Na skrzyżowaniu Alei Słowackiego z ulicą Mazowiecką tylko w ciągu ostatnich dwóch lat doszło aż do 70 wypadków drogowych. W wyniku ich dwanaście osób zostało rannych, w tym pięć ciężko. Miasto szukało rozwiązań, które zapewniłyby bezpieczne korzystanie z tego newralgicznego miejsca.
– ZDMK od kilku lat prosił o fundusze na przebudowę skrzyżowania. Tych jednak nie było. Znaleźliśmy jednak sposób na ich pozyskanie.
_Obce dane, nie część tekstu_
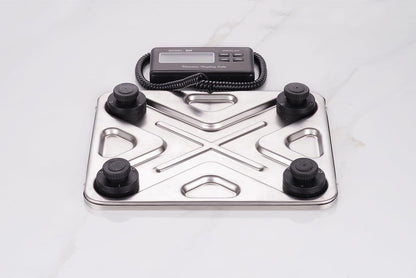 Large Digital Scale Up to 200kg 0.1kg increments Heavy Duty Commercial Scales Large Platform Stainless Steel Parcel Scales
Jedna z firm deweloperskich, starająca się o zgodę na inwestycję w tej części miasta, zgodziła się pokryć w pełni koszt przebudowy – przekazał w mediach społecznościowych Aleksander Miszalski.
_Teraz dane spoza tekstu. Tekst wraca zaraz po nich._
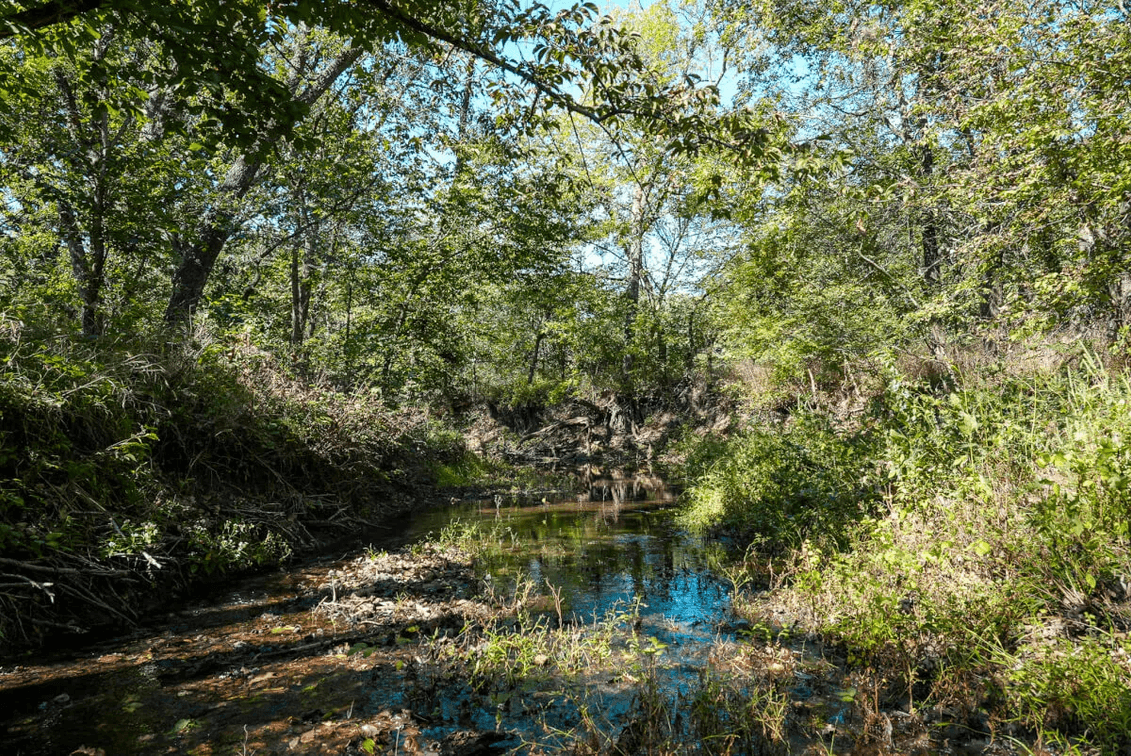 40.3 Acres Butler County, Kansas – Creek, River, Trees, Tillable & Hunting! photo 6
Nadzieje mieszkańców spełzły na niczym
Przypomnijmy, ponad 2,2 tys. internautów podpisało się pod petycją do prezydenta Krakowa Aleksandra Miszalskiego oraz przewodniczącego rady Jakuba Koska. Domagali się w niej, aby urzędnicy porzucili plany na budowę 150-metrowego lewoskrętu z al. Słowackiego w ulicę Mazowiecką.
Mieszakńcy obawiali się przede wszystkim ingerencji w zieleń. Budowa lewoskrętu wiązałaby się z usunięciem krzewów oraz dwóch drzew, w tym m. in. topoli. Drugie drzewo miałoby zostać przesadzone. Jednak, jak zapewnił włodarz miasta, żadne drzewo nie ucierpi na realizacji inwestycji.